Work item
Copy out exactly the lines from the one containing "Hai Fisch Schwertfisch" through the end of the records, and no pictures.

Data supplied
§

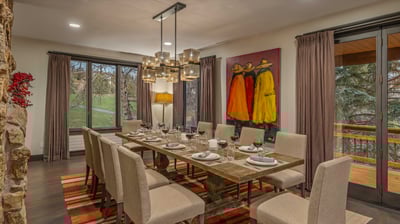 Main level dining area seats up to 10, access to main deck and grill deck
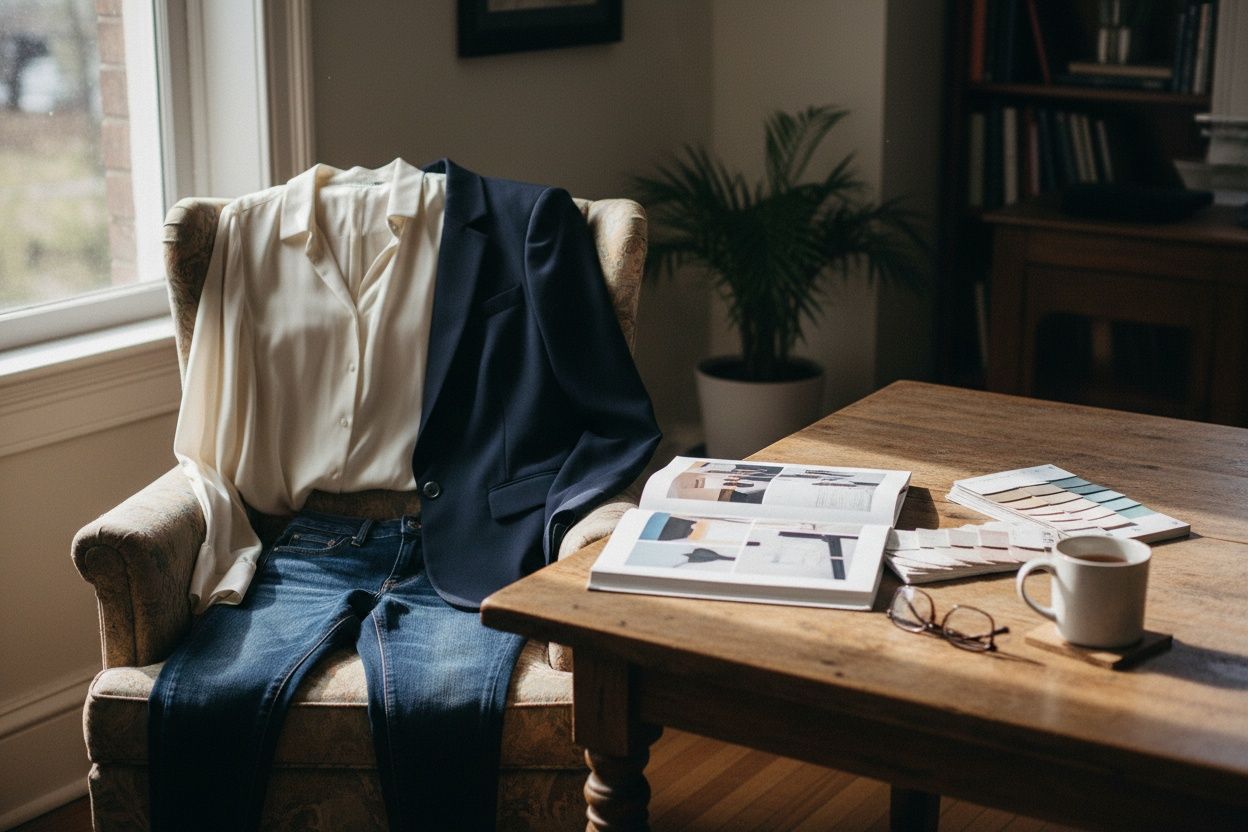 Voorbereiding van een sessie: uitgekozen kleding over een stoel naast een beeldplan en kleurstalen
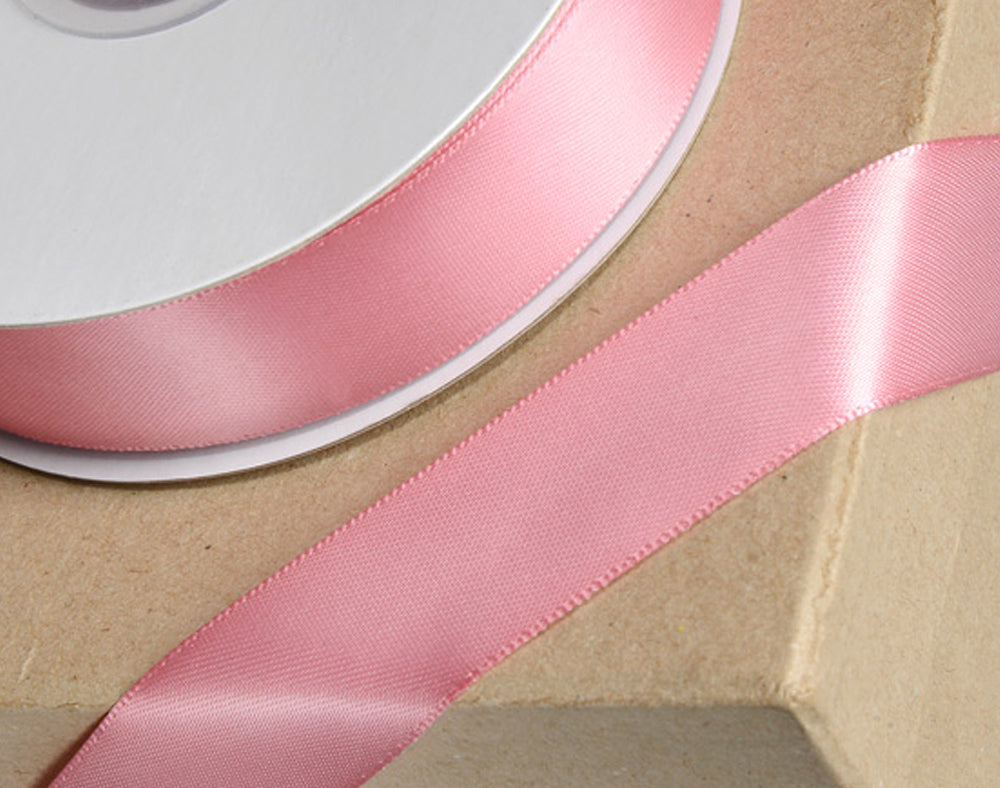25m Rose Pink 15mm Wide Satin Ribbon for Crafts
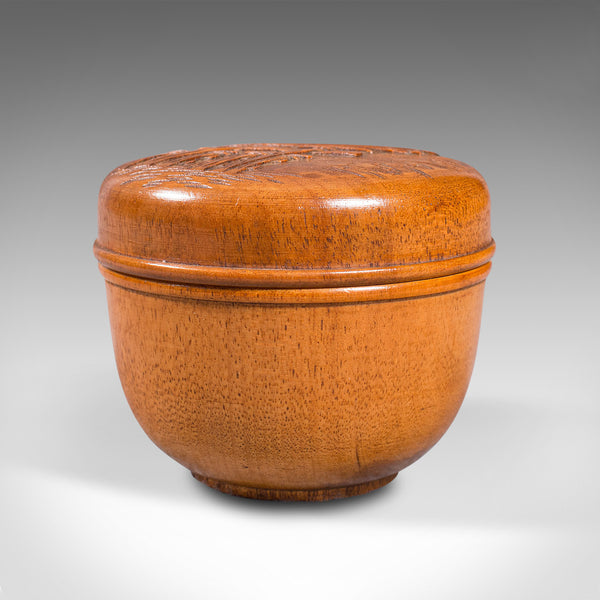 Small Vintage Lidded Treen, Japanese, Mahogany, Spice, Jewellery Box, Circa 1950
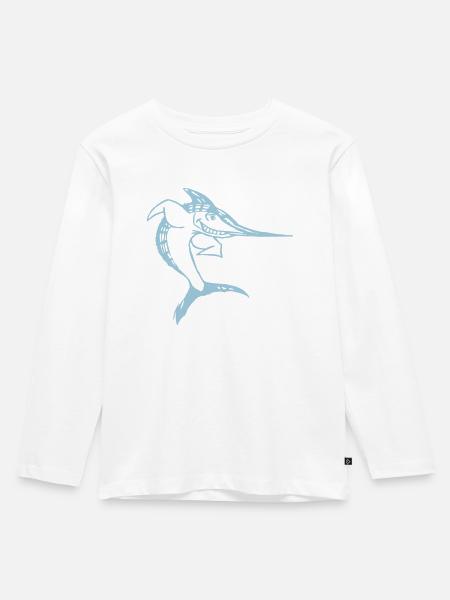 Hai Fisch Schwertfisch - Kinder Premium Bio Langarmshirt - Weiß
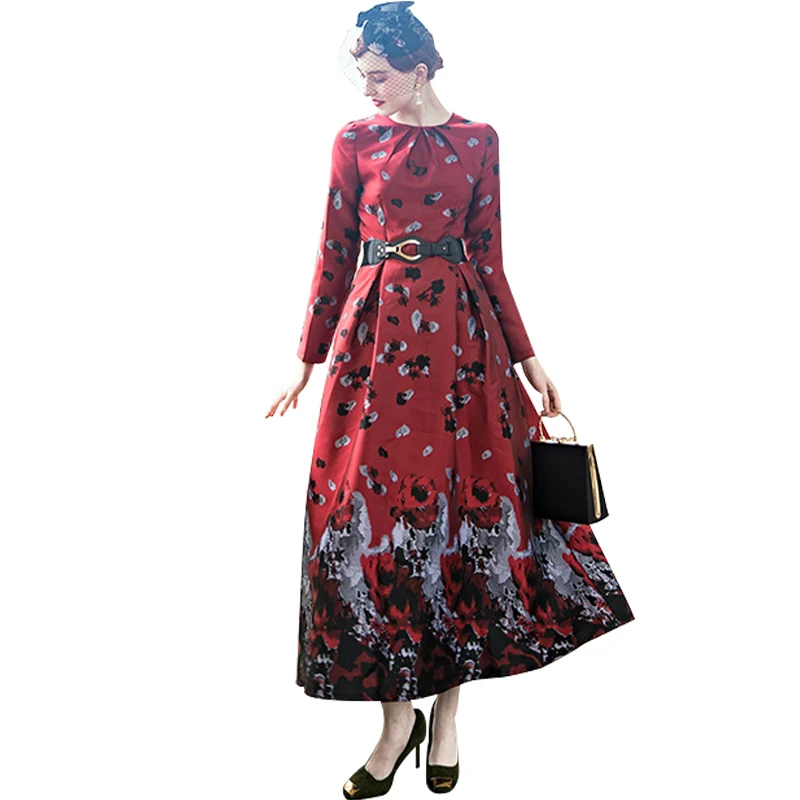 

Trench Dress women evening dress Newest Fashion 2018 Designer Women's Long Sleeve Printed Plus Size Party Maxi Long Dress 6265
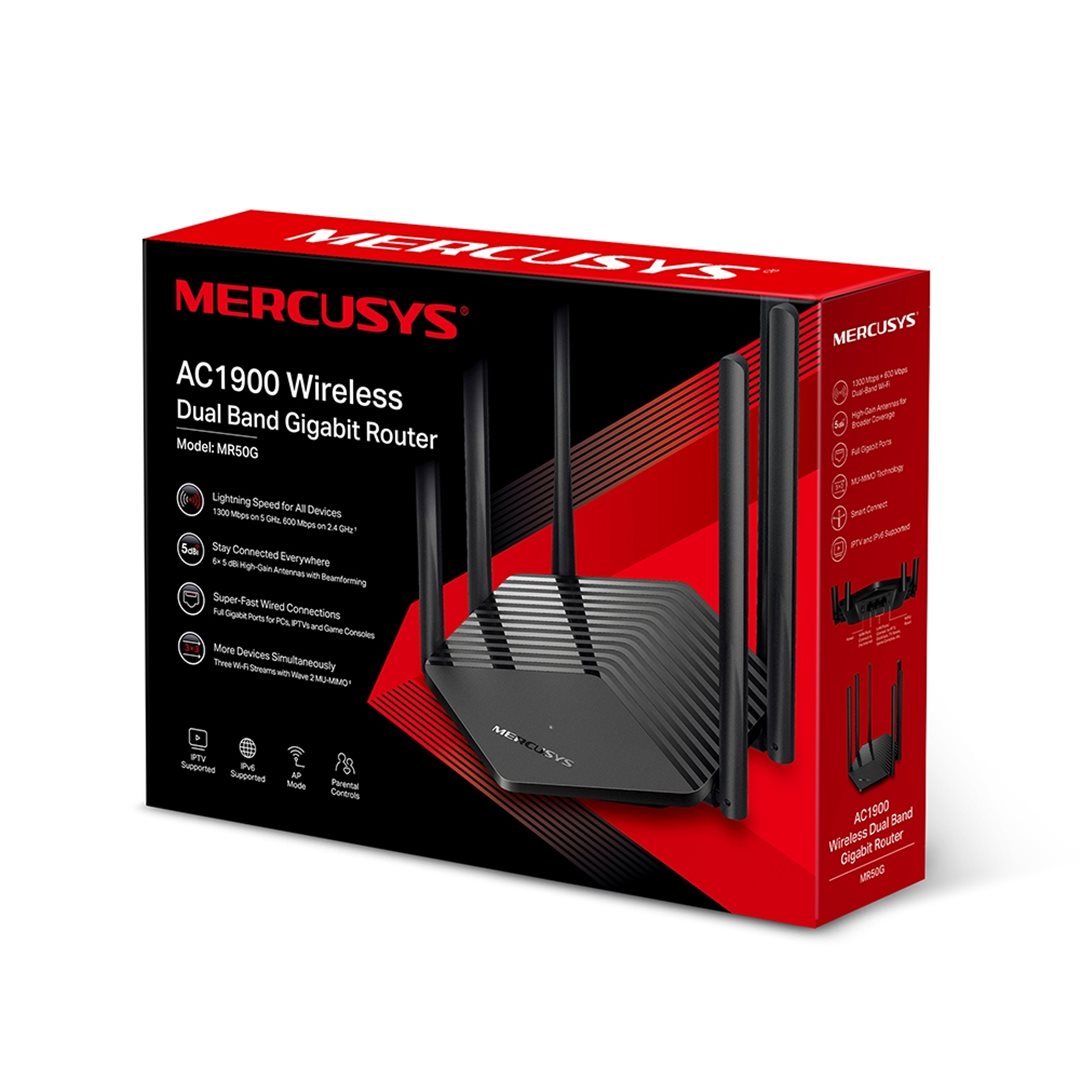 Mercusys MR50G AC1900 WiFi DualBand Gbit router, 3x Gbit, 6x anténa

§

Response box
 Hai Fisch Schwertfisch - Kinder Premium Bio Langarmshirt - Weiß

Trench Dress women evening dress Newest Fashion 2018 Designer Women's Long Sleeve Printed Plus Size Party Maxi Long Dress 6265
 Mercusys MR50G AC1900 WiFi DualBand Gbit router, 3x Gbit, 6x anténa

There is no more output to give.